A pause. I could hear her breathing. Her breath had a simple, quick cadence to it, like she hadn’t had the time to take a deep breath and let it out in months, maybe years. I could hear her fingers on a computer keyboard.
Then she said, “We should meet.”
“Is talking to me on the phone a problem?”
“I’d prefer to talk face-to-face.”
“You just said you might put a warrant out on me. I think I prefer a little distance, for the time being.”
“I’m not after you. Marcus Hayes can rob Fort Knox for all I care. He’s not my case. All I want are the people who turned this city into a bloodbath this morning, so I can go back down to Cape May and salvage what’s left of these shitty two weeks. And considering that burning white Dodge, I think you owe me.”
“I told you, I don’t know anything about that.”
“You want me to go out along the highway or not?”
“All right. Clearly we’re both awake, so let’s meet in the hotel coffee shop in an hour.
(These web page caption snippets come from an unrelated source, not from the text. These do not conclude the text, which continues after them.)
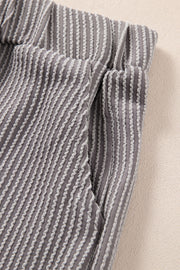 Textured ribbed tank and shorts set in dark gray with a wavy vertical stripe pattern.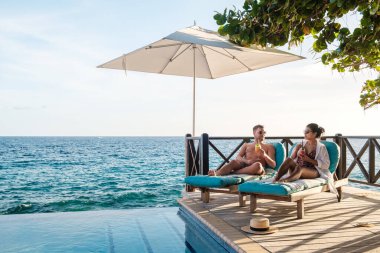 Çeşitli erkek ve kadınlar Curacao 'da okyanusun kenarında uzanırken kokteyl içmekten zevk alırlar. Güneş, huzur dolu sonsuz havuzun üzerinde ışıl ışıl parlıyor. Bu da onu rahatlamak için ideal bir yer yapıyor.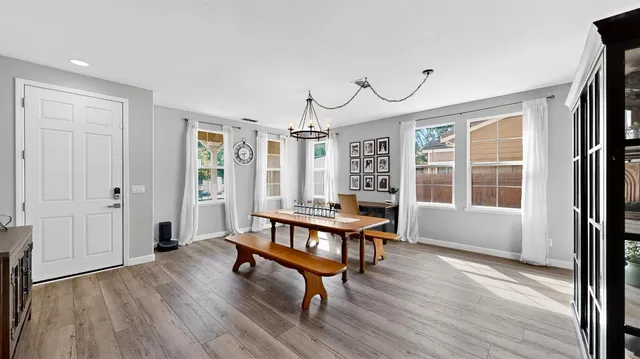 a living room with furniture a window and wooden floor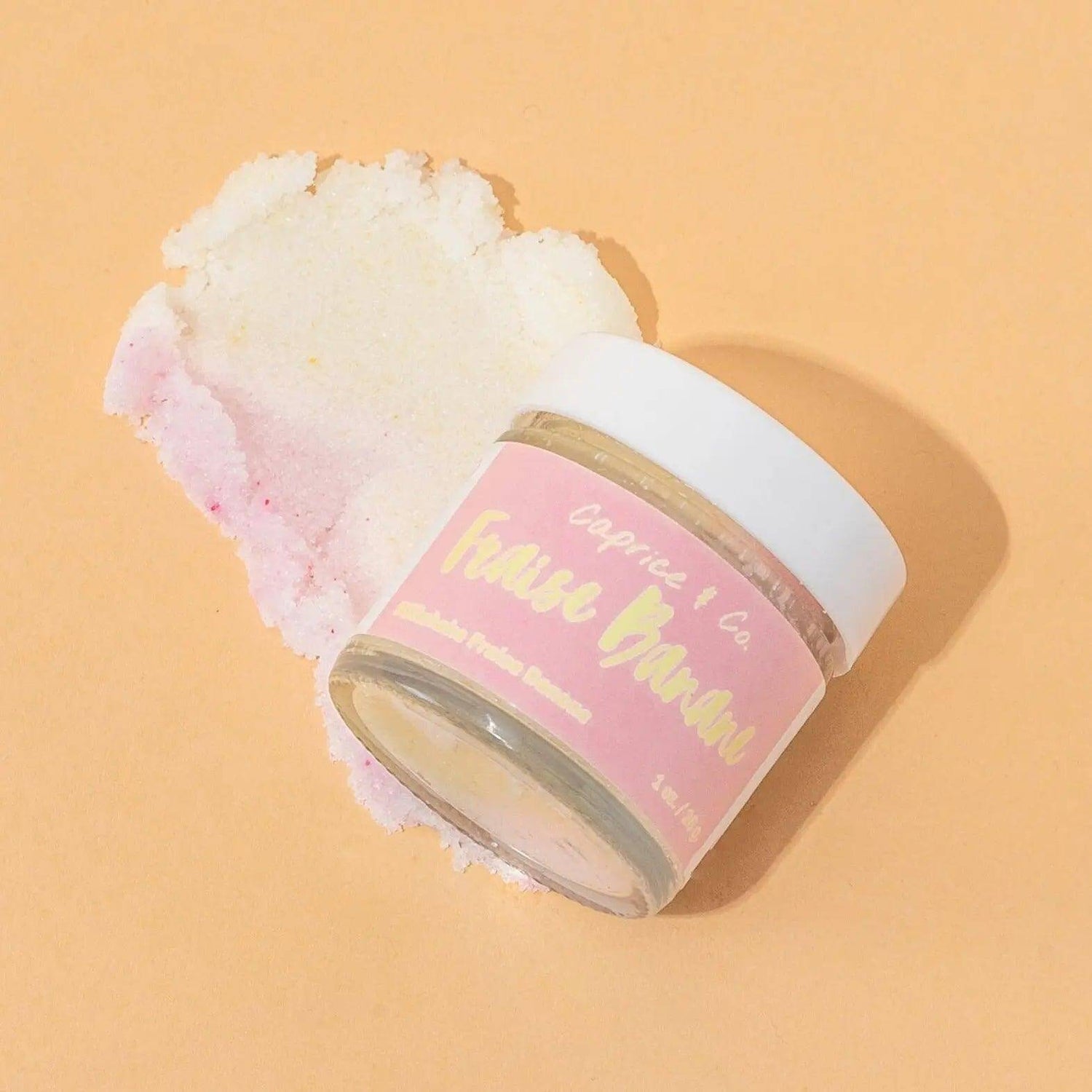 Strawberry Banana Lip Scrub jar on a light background, showcasing the product's texture and premium packaging.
A place like that never closes.”
“Which hotel?”
“You know the one,” I said. “You spent half the night there moving furniture around.”
“Fruitlessly, I might add. You didn’t even take the chocolates off the pillows.”
“How’d you find that room, anyway?”
“I told you,” Rebecca said. “I’m very good at what I do.”
“One hour.”
“See you then.”
I ended the call, then removed the plastic cover from the back of the phone and pulled out the battery. Under that was the SIM card, which gave the phone a number and made records of all the incoming and outgoing calls. I took it out and snapped it in half between my fingers, then flicked the pieces out the window. I looked at my watch. Quarter after 4 a.m.